Manufacturers that achieve best-in-class performance for quoting and costing have one key differentiator from companies that lag behind: the leaders treat quoting and costing as a mission-critical, enterprise-class function within their organization. The laggards do not.

When it comes to business process improvement, what does it mean for a function to be mission critical? First and foremost, it means that the company recognizes that the costing function is extremely important to its ongoing success. Additionally, any interruption in costing operations would constitute a serious failure on the part of the company and, if prolonged, could endanger its future as a profitable enterprise.

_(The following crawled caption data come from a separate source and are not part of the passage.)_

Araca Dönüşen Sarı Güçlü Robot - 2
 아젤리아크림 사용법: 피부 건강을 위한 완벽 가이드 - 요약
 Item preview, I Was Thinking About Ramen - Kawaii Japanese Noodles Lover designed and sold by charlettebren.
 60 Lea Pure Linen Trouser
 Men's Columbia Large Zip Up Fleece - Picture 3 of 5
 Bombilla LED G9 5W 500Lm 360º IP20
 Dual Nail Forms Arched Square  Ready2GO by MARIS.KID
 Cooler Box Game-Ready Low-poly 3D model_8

For companies that bid several new jobs within a year – and especially for those quoting and bidding on dozens (or even hundreds!) of jobs during this time period – costing and quoting fit these criteria. Yet many of these companies still treat costing and estimating as if the functions were not very important.

Common Scenarios in Quoting and Costing

It’s very common for manufacturers – even Tier 1 automotive suppliers – to use Excel for costing and quoting activities. The result is that valuable data is dispersed across the company in separate data silos. In other words, departments, divisions, and different regions of the world calculate costs differently and the data is not structured in a manner to be used in a repeatable model – data is used one time to complete a quote, and the older the quote (and underlying data), the less value it contains.

For virtually every other mission critical function within a manufacturer, fully mature software systems support that function. Finance has ERP, manufacturing has MES, human resources has HCM, procurement has SCM, and so on. Yet most companies are unaware that there is an enterprise-class software architecture for costing, and instead still rely on spreadsheets to calculate costs. (Can you imagine trying to run a company’s finances on a spreadsheet?)

Without a powerful, centralized platform for quoting and costing, basic questions become monumental challenges to answer. It’s nearly impossible to find a single source of truth for costing, quoting, customer, or financial information, and the company misses an opportunity to leverage purchasing power, cross-promotional opportunities or reuse equipment. The end result is a non-standard costing scheme that slows quotes, negatively affects profitability, and loses new business deals.

The Power of a Centralized Costing Database

Centralizing cost/quote data is the crucial step needed for transforming costing into a mission-critical application.  Without a central cost management database the company is powerless; with it, the company has the power to standardize costing across the enterprise with actionable data for analytics and workflow to control your own destiny.

With this solid foundation, manufacturing companies can supercharge the costing/quoting process with: workflow of assignments and tasks, dashboard reporting of quote activity, process and performance analytics, and overall program management of the process.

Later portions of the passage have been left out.